### Problem to work on:
What is needed is a verbatim copy of the data, minus the pictures.

[Opening The data section]

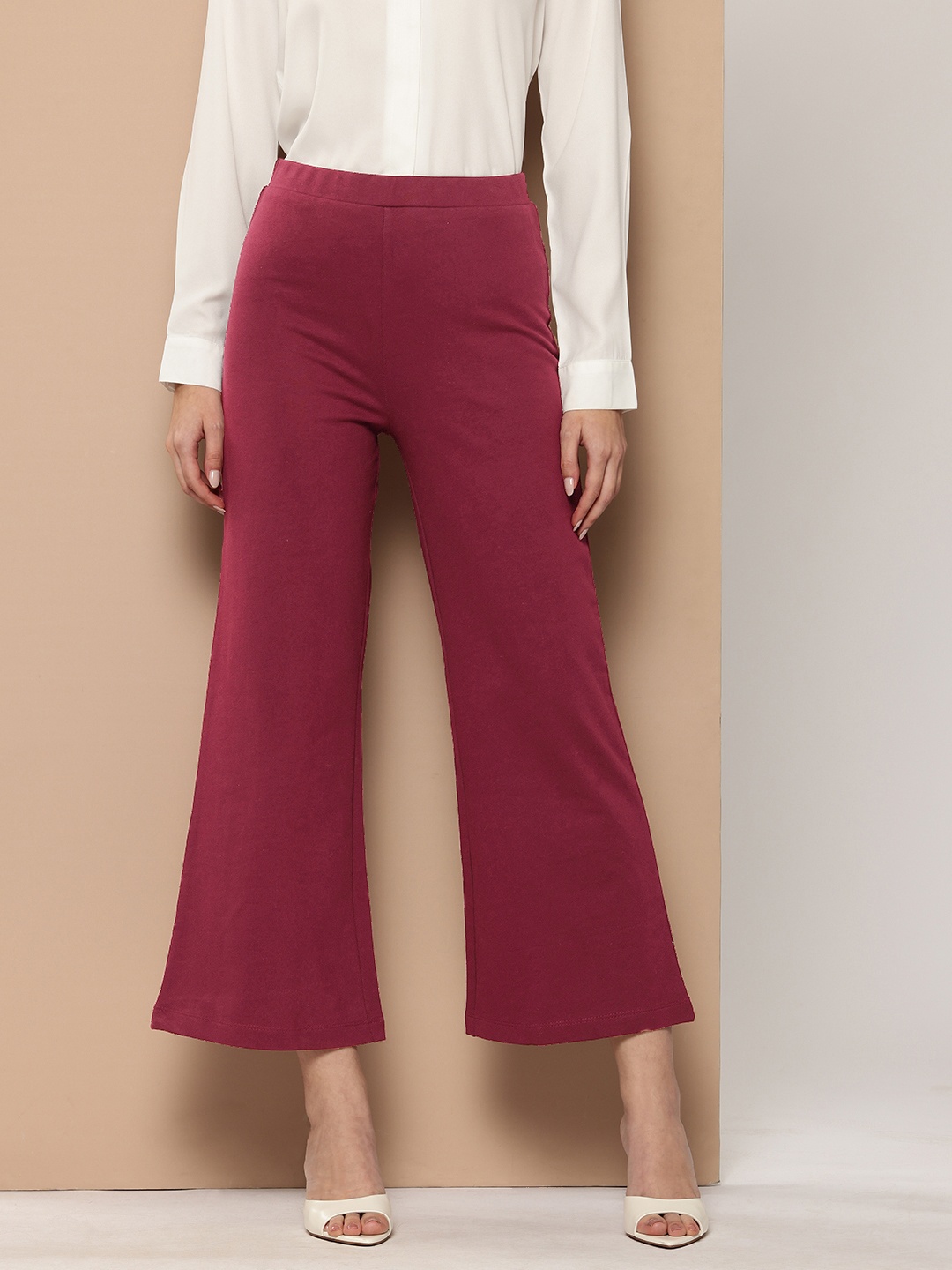 

her by invictus Women Bootcut Flared Cropped Trousers, Burgundy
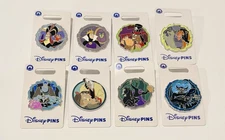 Lot 8 Disney Villains Pins Pin Trading NEW on Original Card Set RARE HTF
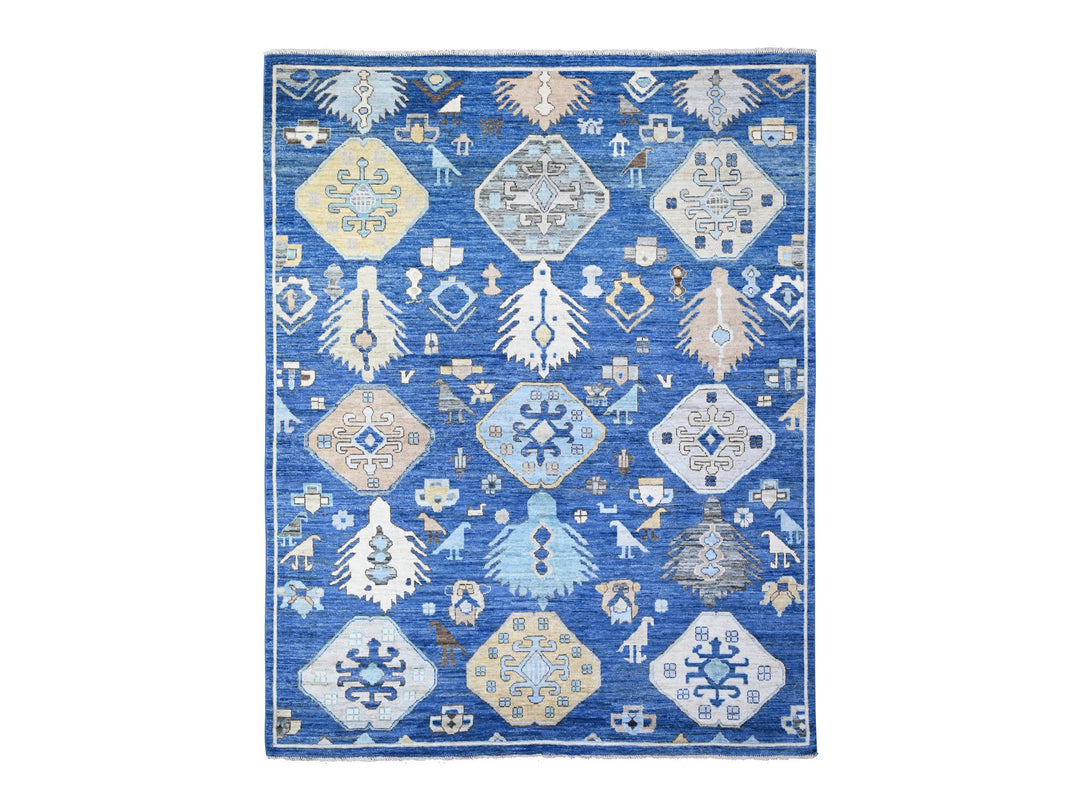 8'8" x 11'3" New Hand Knotted Blue Wool Rectangle Oriental Rug - MOA10288197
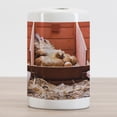 thumbnail image 2 of Farm Animal Ceramic Toothbrush Holder, Husbandry Photo with Laying Hen Incubating Inside Cage and Eggs, Decorative Versatile Countertop for Bathroom, 4.5" X 2.7", Multicolor, 2 of 4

[Closing The data section]

### Problem solution:
her by invictus Women Bootcut Flared Cropped Trousers, Burgundy
 Lot 8 Disney Villains Pins Pin Trading NEW on Original Card Set RARE HTF
 8'8" x 11'3" New Hand Knotted Blue Wool Rectangle Oriental Rug - MOA10288197
 thumbnail image 2 of Farm Animal Ceramic Toothbrush Holder, Husbandry Photo with Laying Hen Incubating Inside Cage and Eggs, Decorative Versatile Countertop for Bathroom, 4.5" X 2.7", Multicolor, 2 of 4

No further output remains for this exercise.